As for me, I’m a (about to be) self-published writer, dabbling in and mixing many genres. The good thing about self-publishing is that you can cross platforms, you can write what you want to write, you can write for you or for your grandma or for your dog or for those ants that somehow keep finding a way to get into your kitchen and climb into the bowl of blueberries that you leave out on the counter. I mean, sure, you could put it in the fridge but for some reason you like your blueberries at room temperature even though that’s not even the point anymore. You just want to win the battle of the blueberries between you and the ants because you bought those blueberries for crying out loud. You are the one that went to the store and picked them out, checking them for any signs of mold and judging them on their freshness. Then you paid for them with your hard earned money. It surely wasn’t those sneaky, thieving ants that did all of that! I can destroy you in hundreds of different ways within my stories, ants. Don’t think that I won’t.

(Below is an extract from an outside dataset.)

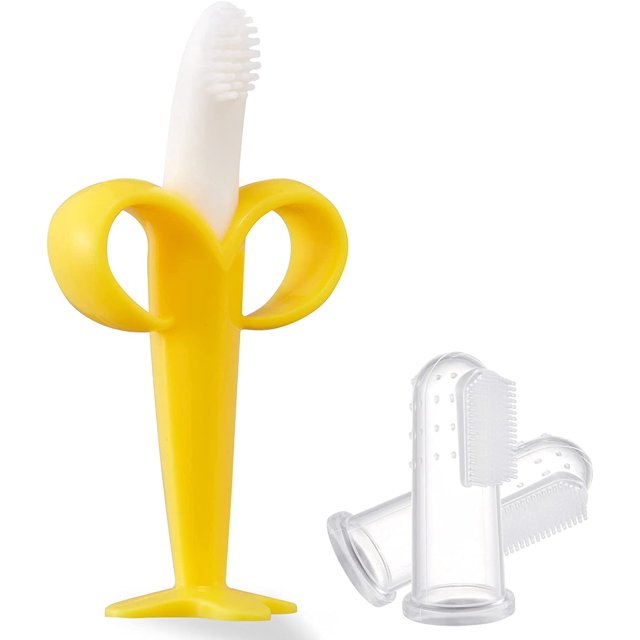 Baby Toothbrush and Banana Toothbrush,Silicone Infant Training Finger toothbrushes with Storage Case(1 teether and 2 Finger toothbrushes)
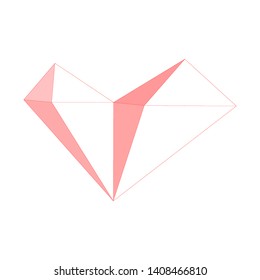 3D red heart, isolated on white background. Happy Valentine's day. Volume icon, logo for design. Abstract symbol of love. Graphic 3D drawing. Vector illustration.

I live in Michigan with my beautiful and lovely wife, two fantastic-mean-the-world-to-me daughters, and a dog that is more like a piece of furniture that is also a trip hazard than a dog.

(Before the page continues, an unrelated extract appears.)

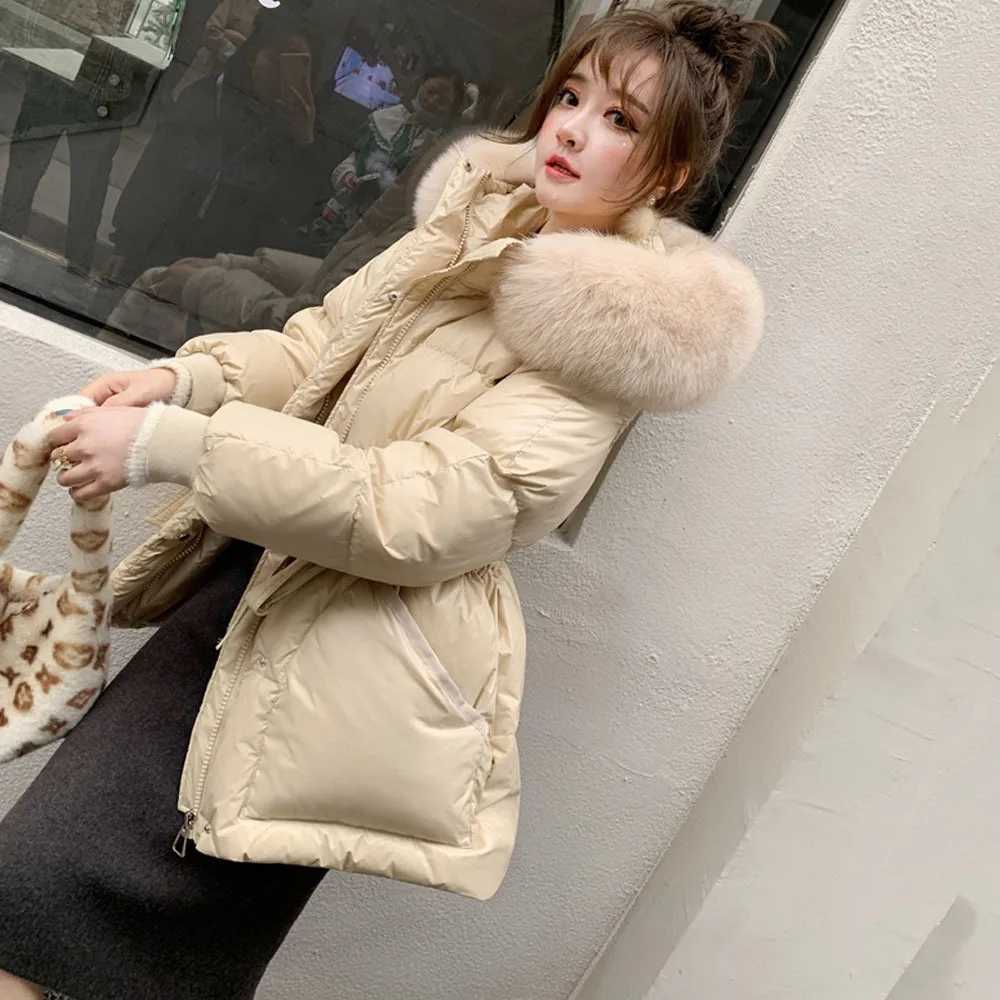 2023 Winter New Cotton Jacket Womens Big Fur Collar Cotton Coat Hooded Park Womens Thick Warm Medium to Long Coat X241120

Welcome to my Author Page. I’m so glad you made it. Come on in. There’s not much happening around here yet because I just moved into this place. Give me a chance to unpack some of these boxes over here and I’m sure I’ll find something exciting for you soon. Oh, please don’t touch them. I have them stacked carefully and I don’t want…Hey! No peeking either! I gotta get organized first. No, I’m not mad at you. I could never be mad at you. Why, my heart would turn into peanut brittle and crack into a million pieces before I was mad at you. No, I don’t have any peanut brittle. I think there’s some leftover pizza and a bottle of most-likely-expired-mustard in the fridge, though, if you’re hungry. No, I’m not suggesting you put mustard on the pizza. You can if you want. I’m just letting you know what’s available if you’re hungry. Yes, I’m aware that sounds disgusting. Well, do you know of any other author page that offers food? Stephen King’s page gave you tacos? Well, go on over to Stephen King’s page then. No, I’m not mad at you. I already told you that I could never be mad at you, remember? I’m just saying, why not go on over to Stephen King’s page if you’re hungry, grab some tacos, and then head back here and we’ll hang out some more? And bring me some Stephen-King-author-page tacos, won’t you? We’ll both feel better with some food in our bellies. But please, do come back. I’m hopeful there will be some cool stuff going on around here once I start getting some of these boxes unpacked. Also, I’m hungry and I’m looking forward to those tacos. I’d probably get sick if I squirt some old mustard on that leftover pizza I have in the fridge. Then it’d just take me longer to get to these boxes. It’s hard to unpack when you’re tethered to a toilet or stuck at urgent care. Alright, tacos first and then it’s time to get to work.
See you soon! Oh, and make sure to get extra guac. And something to drink, too. Or else we will be washing down those tacos with that old mustard. I don’t think WordPress has turned on my water yet.